This is an
SqlPattern.
Intent
Create small template tables, that aid you to build the needed result set using SQL. These tables are often included in the
from clause with
CartesianProduct and participate in complex additional restrictions in the
where clause.
Context
You try to build a nontrivial resultset, involving relationships between records 'near' to each other, or need to generate rows that are not in the database from the exisiting ones using some rules. You seem to need a variable number of
SelfJoins.
Forces
- You can't express a variable number of SelfJoins reasonably in Sql (although a possible approach is to apply SliceResultVertically iteratively)
- All the data you need are in the database, but you can't figure out the relational operations that will give the desired results.

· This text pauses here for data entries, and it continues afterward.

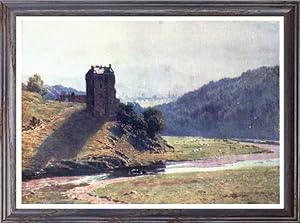 Neidpath Castle in Peebleshire,Scotland,Vintage Watercolor Print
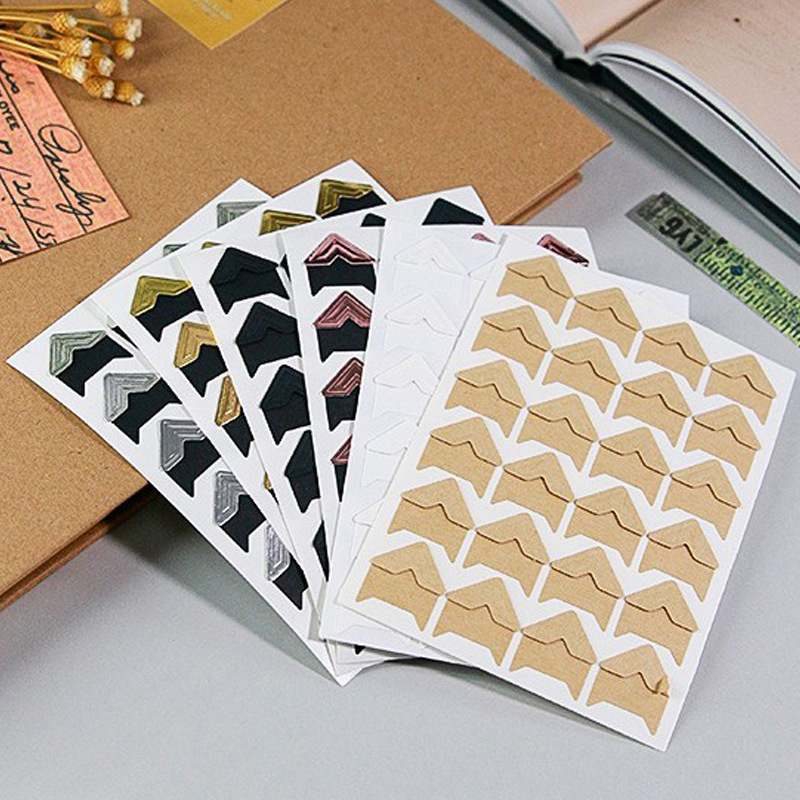 Amazon cross-border dedicated retro photo corner stickers DIY album handmade photo corner stickers Factory Direct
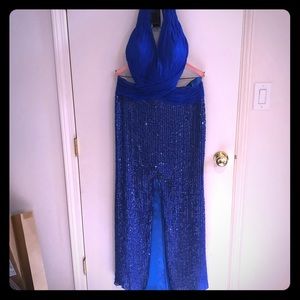 Sequined Cut Out design Prom Gown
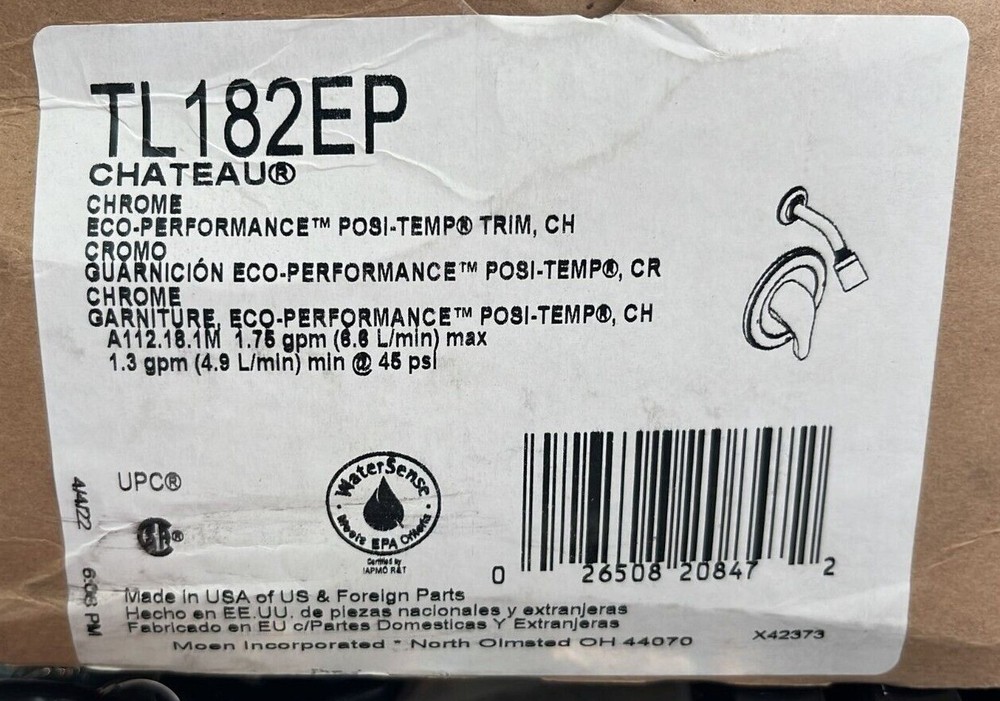 Moen TL182EP Single Handle Posi-Temp Pressure Balanced Shower - Chrome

- Client-side processing is ineffective as you need to work on massive data
Solution
Create a small additional table (most often containing a single column with some integer numbers) and produce the
CartesianProduct with your table. Use the result to compute the needed fields and filter/group as necessary (
ThinkSqlAsConstraintSatisfaction).
Resulting context
The additional columns you get help to make the fields you need in the result. Having several copies of a row from the original table in the result set makes possible grouping of every row with its near ones (the predcessors and/or successors in an ordering), or to 'generate' new rows from a single existing row.
Example
For example, in order to calculate
WeightedMovingAverage over the table
data_sequence:
Idx Value
----------------------
....
45 234.5
46 245.8
47 251.5
48 250.3
49 231.0
50 252.6
.....
you create table
moving_average_mask:
Seq Weight
-----------------------
-1 0.25
0 0.5
1 0.25
and execute SQL statement:
select (moving_average_mask.Seq + data_sequence.Idx), sum(data_sequence.Value * moving_average_mask.Weight)
from data_sequence, moving_average_mask
group by (moving_average_mask.Seq + data_sequence.Idx)

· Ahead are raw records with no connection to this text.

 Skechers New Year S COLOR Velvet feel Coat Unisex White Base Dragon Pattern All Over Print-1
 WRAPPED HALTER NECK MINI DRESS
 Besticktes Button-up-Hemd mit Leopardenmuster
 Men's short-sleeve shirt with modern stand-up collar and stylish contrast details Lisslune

having sum(moving_average_mask.Weight)=1
The result of the
CartesianProduct is every row from
data_sequence replicated three times, each copy paired with a row from
moving_average_mask:
Idx Value Seq Weight
------------------------------------------
...
46 245.8 -1 0.25
46 245.8 0 0.5
46 245.8 1 0.25
47 251.5 -1 0.25
47 251.5 0 0.5
47 251.5 1 0.25
48 250.3 -1 0.25
48 250.3 0 0.5
48 250.3 1 0.25
...
Every row is grouped with its neighbours as defined by
Idx (usually this is a date column):
Idx Value Seq Weight
------------------------------------------
...
46 245.8 -1 0.25
47 251.5 0 0.5
48 250.3 1 0.25
...
Then the average is easy to calculate.
Having clause strips both ends that do not have preceding or succeeding entries in their groups.
Another example is if you have price quotes in time, and want to use a quote for day T for day T-1, T-2, up to T-n if you miss the quotes for these days in the database. You create a table with integers 0..n, make
CartesianProduct, use
dateadd(T_column,num) instead of T_column and filter out the extra rows.
--
NikolaToshev
I have this pattern. I rediscover it every couple of years. Thanks for writing it down.